Demystifying the 2010 Tax Act: What You Need To Know

Lewis Saret, of the Forbes.com blog, posted a very informative article earlier in the week explaining the Tax Relief, Unemployment Insurance Reauthorization and Job Creation Act of 2010, which was signed into law at the end of 2010. Check out a snippet of his article below, or find the full text here.

    Changes in Federal Estate Tax Exclusion Amount and Tax Rate

    Before the Act, the federal estate tax was gradually reduced over several years and ultimately eliminated for decedents dying in 2010. Prior law provided that the estate tax, with a maximum tax rate of 55 percent and a $1 million applicable exclusion amount, would be reinstated after 2010. However, the Act reinstates the estate tax for decedents dying during 2010, but at a significantly lower maximum tax rate of 35 percent and at a significantly higher applicable exclusion amount of $5 million.

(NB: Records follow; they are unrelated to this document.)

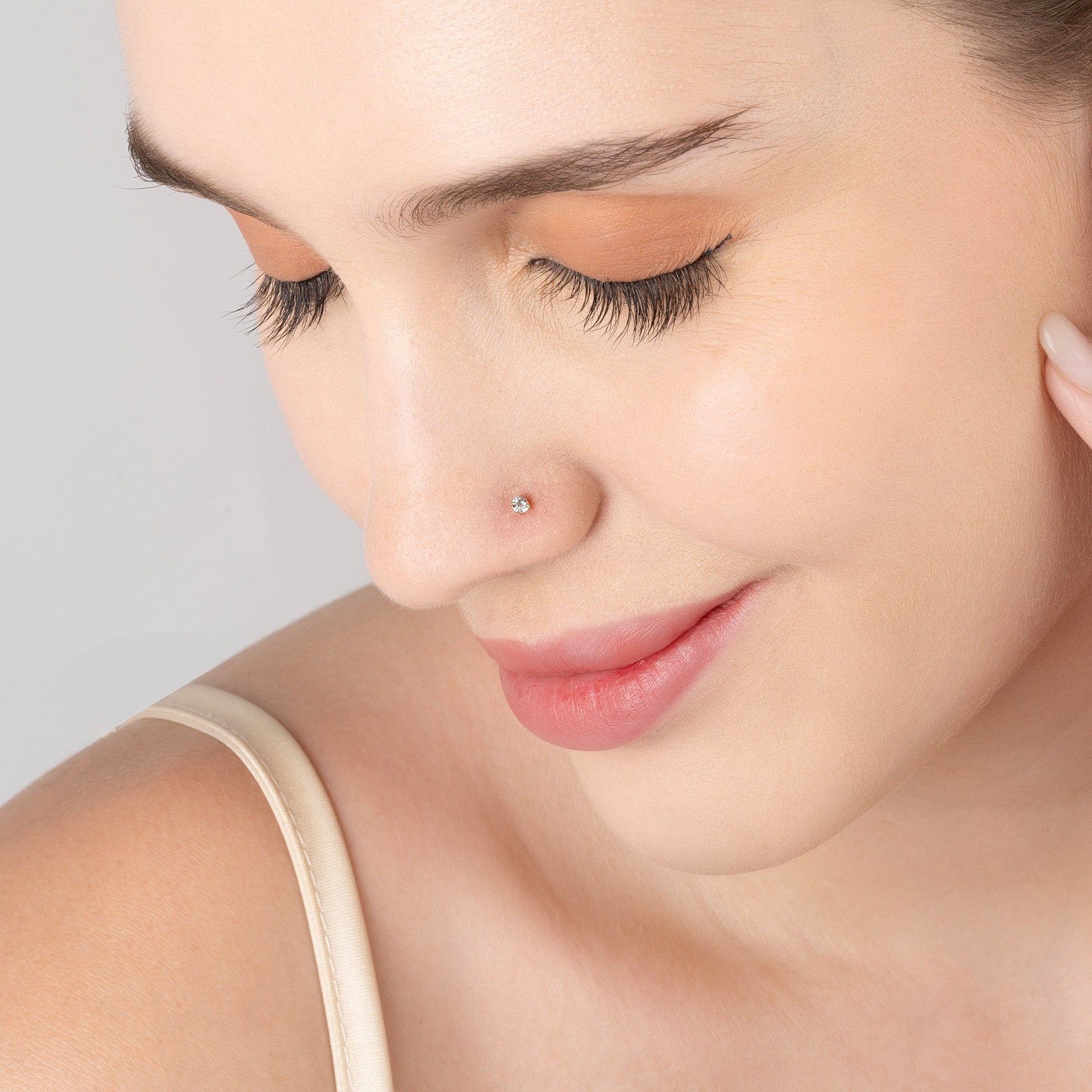 Classic CZ Nose Pin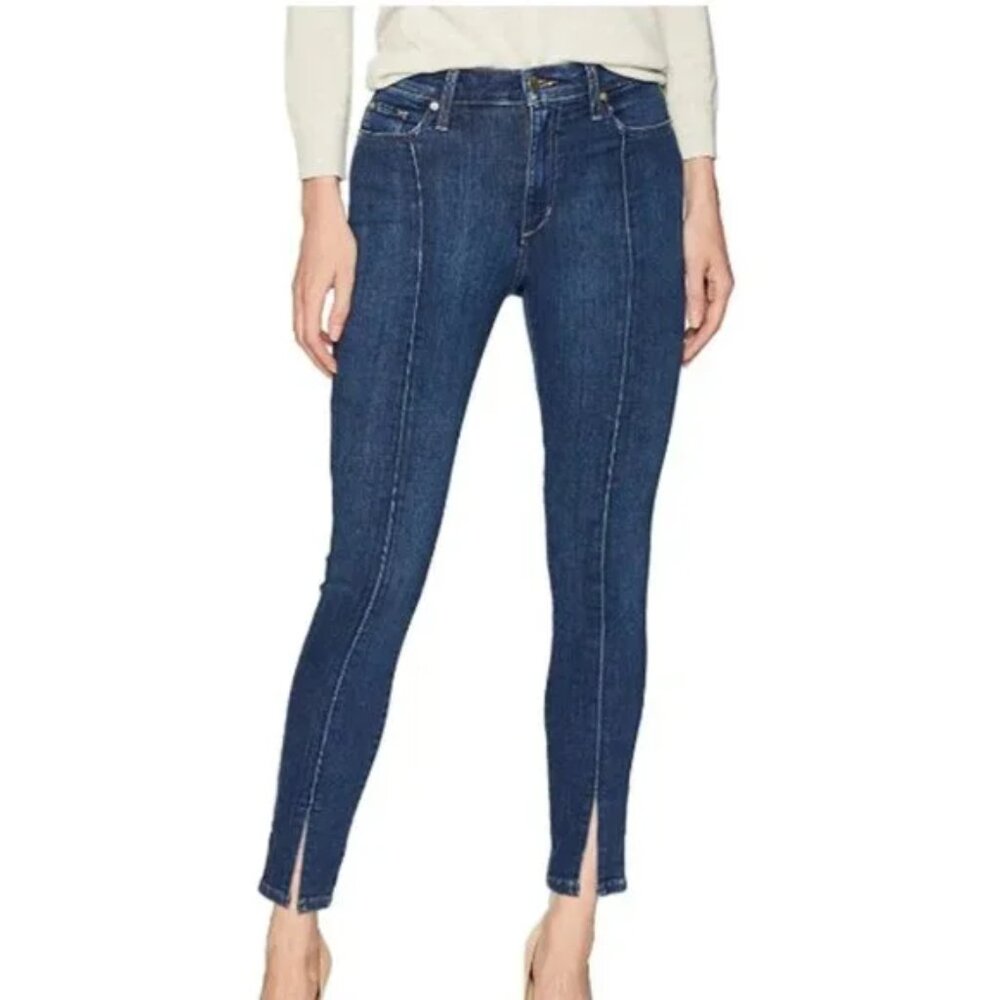 EUC Joe's Jeans Charlie High-Waisted Skinny Ankle Jeans with Slits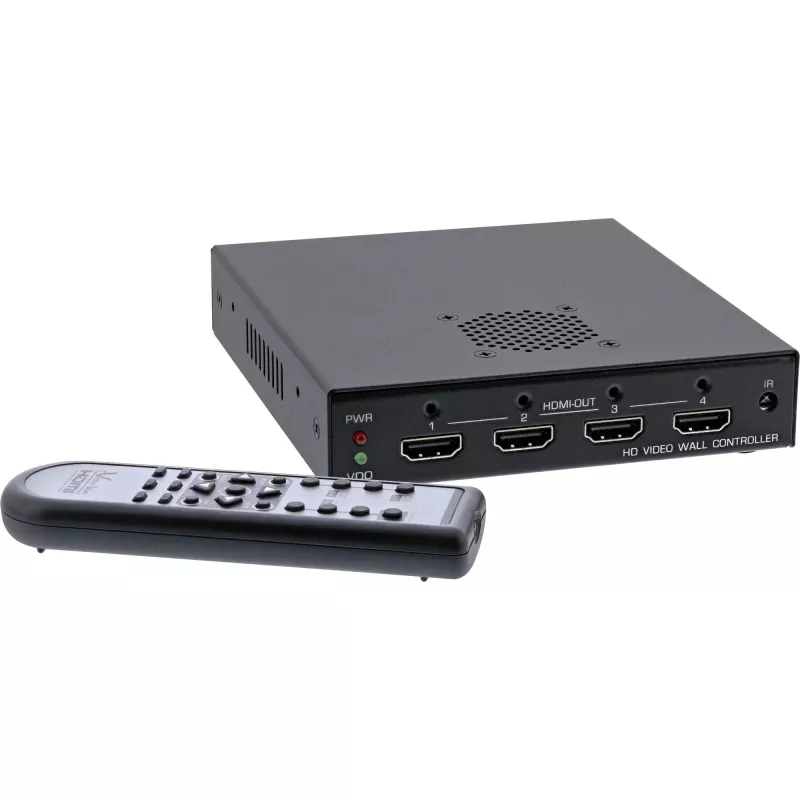 InLine HDMI ελεγκτής βίντεο τοίχου 1 σε 4, Full-HD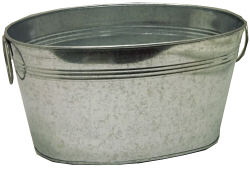 Galvanized Oval Deep Tub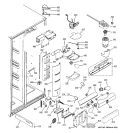 FRESH FOOD SECTION Diagram and Parts List for PSK29NGWACCC  General Electric Refrigerator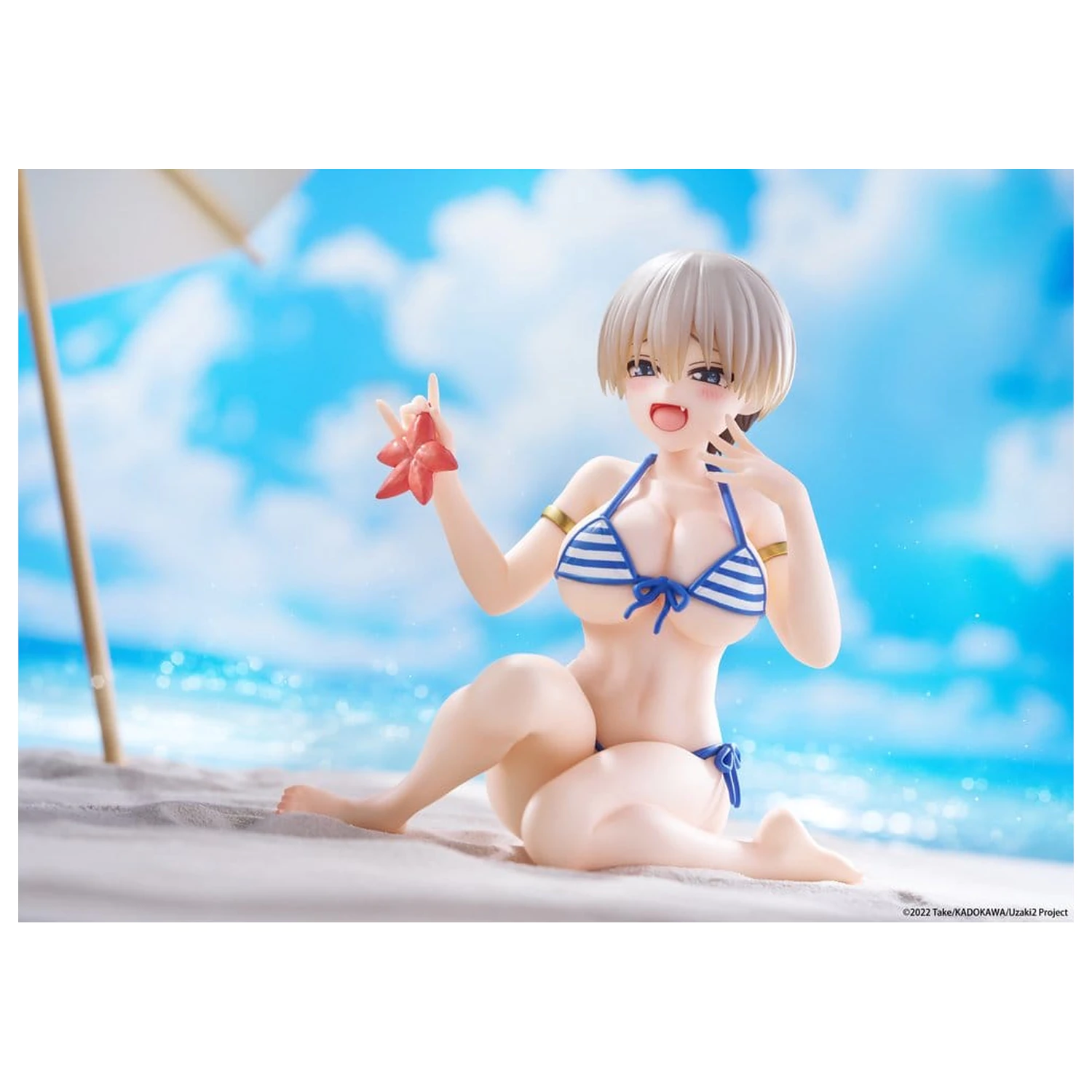Uzaki-chan Wants to Hang Out! Desktop Cute PVC figura Hana Uzaki (Swim wear Ver.) 13 cm fotografija proizvoda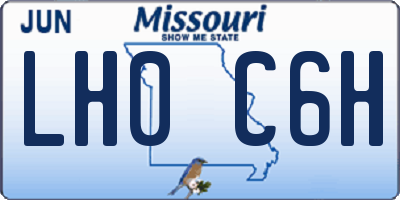 MO license plate LH0C6H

Although this regime continues for decedents dying in 2011 and 2012, it is temporary and will sunset on December 31, 2012. At that point, the prior estate tax regime—with a 55 percent tax rate and $1 million exclusion—will be reinstated, subject to debate in Congress.

    Changes in Carryover Basis Rules

    The Act also eliminates the modified carryover basis rules for 2010 and replaces them with the stepped-up basis rules that had applied before 2010. Property with a stepped-up basis generally receives a basis equal to the property’s fair market value on the date of the decedent’s death. Under the modified carryover basis rules that applied during 2010 before the Act, executors could increase the basis of estate property only by a total of $1.3 million (plus an additional $3 million for assets passing to a surviving spouse, for a total increase of $4.3 million), with other estate property taking a carryover basis equal to the lesser of the decedent’s basis or the property’s fair market value on the decedent’s death.

    The Act gives estates of decedents dying during 2010 the option to apply (1) the estate tax based on the new 35 percent top rate and $5 million applicable exclusion amount, with stepped-up basis, or (2) no estate tax and modified carryover basis rules under prior law.

    Portability

    The Act provides for “portability” between spouses of the estate tax applicable exclusion amount for decedents dying in 2011 and 2012, if both spouses die before 2013. Portability allows surviving spouses to elect to use the unused portion of the estate tax applicable exclusion amount of their predeceased spouses. This provides the surviving spouse with a larger exclusion amount.